Two articles I read recently relate well to our roles as clergy leaders. Neither article is about Christian ministry, per se, but their relevance to who we are and what we do is unmistakable. One is from the Harvard Business Review blog http://blogs.hbr.org/cs/2010/01/three_questions_executives_sho.html. While the article is about executive performance and goal-setting, I think it speaks to how we go about our ministries. The author raises three questions at the end of the blog. I have paraphrased them below to apply to our contexts.
1. If there was only one thing I could do to improve my ministerial leadership, what would it be and how would I make it happen?
2. If there was only one thing I could focus on to improve my ministerial leadership, what would that be and how would I make it happen?
3. What messages am I not listening to or refusing to confront in my ministry and leadership of others and how am I going to overcome that this year?
I think good clergy leadership requires us to challenge ourselves with such questions, especially the third one. I might suggest we all need an “inbox,” what organizational theorists call openness to feedback. Such openness allows us to adapt our leadership style to the context and competency of the people we lead.
The other article is from January issue of the Atlantic Monthly entitled: What Makes a Great Teacher? http://www.theatlantic.com/doc/print/201001/good-teaching I commend the entire article to you, but I would sum up how the author answered the question in the title with one word: relentlessness. Great teachers have different personalities and skill sets, different approaches to the discipline, but the one variable they all have in common is relentlessness. For how that relates to our ministries, we might refer to St Paul in Romans 5:4. St Paul calls this upomonh, which is often translated endurance, but I prefer stick-to-it-tiveness.
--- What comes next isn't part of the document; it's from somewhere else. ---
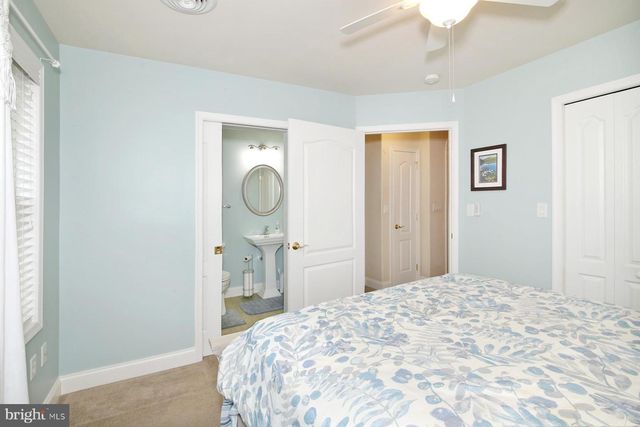 1061 ALDEN WAY, Lebanon, PA 17042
Come what may, cost what it will, we remain committed to the Gospel of Jesus Christ.
These two articles indicate for me just how challenging the art of leading congregations truly is. On one hand, we must remain open to feedback and always ready to listen to those we serve if we are going to be effective leaders. On the other hand, we must have what our Eucharistic dismissal calls singleness of heart, the capacity to endure singularly in our commitment to the Gospel of our Lord & Savior Jesus Christ.
No one ever said this was easy! We have one of the most challenging vocations imaginable, what John Snow called The Impossible Vocation. God bless us all!